The eye consist of several protective layers and cavities. The outer layer consists of the sclera and the cornea. The front part of the sclera is covered by a transparent membrane called conjunctiva, involved in protecting the eyes and lining the inside of the eyelids. The cornea is a dome-shaped structure in the front of the eye that encloses the anterior chamber of the eye. It is transparent, allowing light to enter the eye, and along with the lens helps focus and direct light onto the retina.

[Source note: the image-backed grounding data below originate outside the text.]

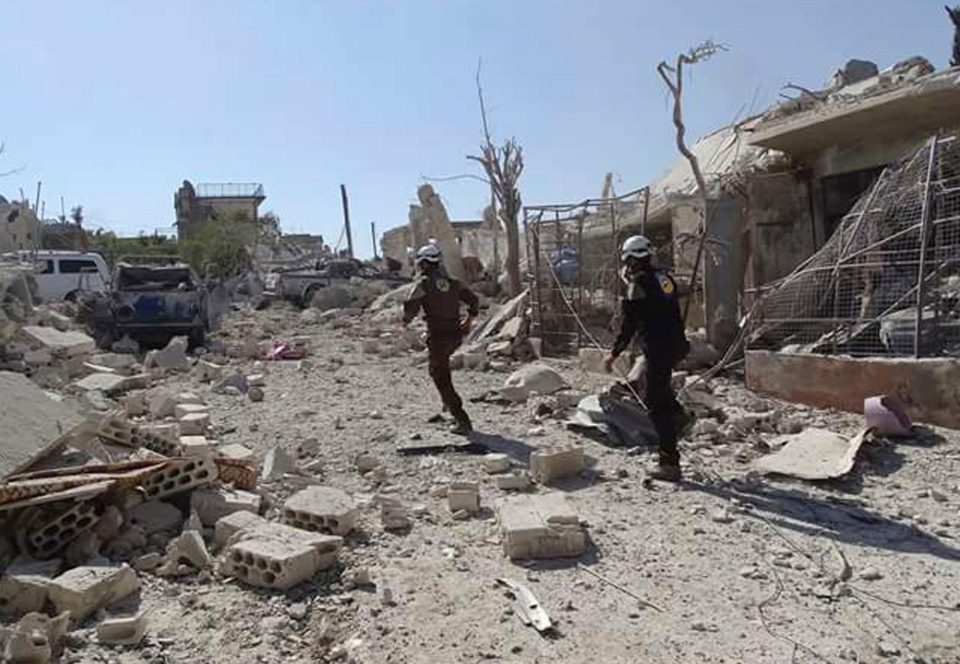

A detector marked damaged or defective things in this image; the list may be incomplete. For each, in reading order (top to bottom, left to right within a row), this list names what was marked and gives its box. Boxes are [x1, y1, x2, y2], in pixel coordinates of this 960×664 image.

damaged balcony railing [752, 131, 960, 358]
damaged balcony railing [524, 187, 652, 356]
broken concrete slab [21, 326, 95, 358]
broken concrete slab [0, 370, 83, 480]
broken concrete slab [528, 446, 588, 482]
broken concrete slab [752, 428, 872, 480]
broken concrete slab [127, 498, 184, 536]
broken concrete slab [190, 486, 260, 528]
broken concrete slab [286, 486, 362, 536]
broken concrete slab [498, 492, 588, 560]
broken concrete slab [45, 564, 141, 624]
broken concrete slab [96, 616, 147, 644]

The middle layer of the eye includes the iris, the ciliary body, the lens and the choroid. The iris gives a person’s distinct eye colour, controls the size of the pupil and hence the amount of light entering the eye. It separates the anterior and posterior chambers in the front part of the eye. These chambers contain the aqueous humour, which is important in nourishing the lens and cornea. The lens is a shear, flexible structure, which changes its shape and hence participate in focusing one’s vision on close or distant objects. The vitreous humor is a jelly-like substance that fills the back portion of the eye. It has a structural function and is involved in maintaining the eye’s shape, but also helps transmitting the light to the retina. The choroid is a membrane found between the sclera and the retina. It lines the back of the eye and is rich in blood vessels. It is highly pigmented in order to absorb light and prevent scattering.
The inner layer- the retina lines the inside of the back part of the eye and is the light-sensitive part. It is rich in photoreceptor cells and each photoreceptor is linked to...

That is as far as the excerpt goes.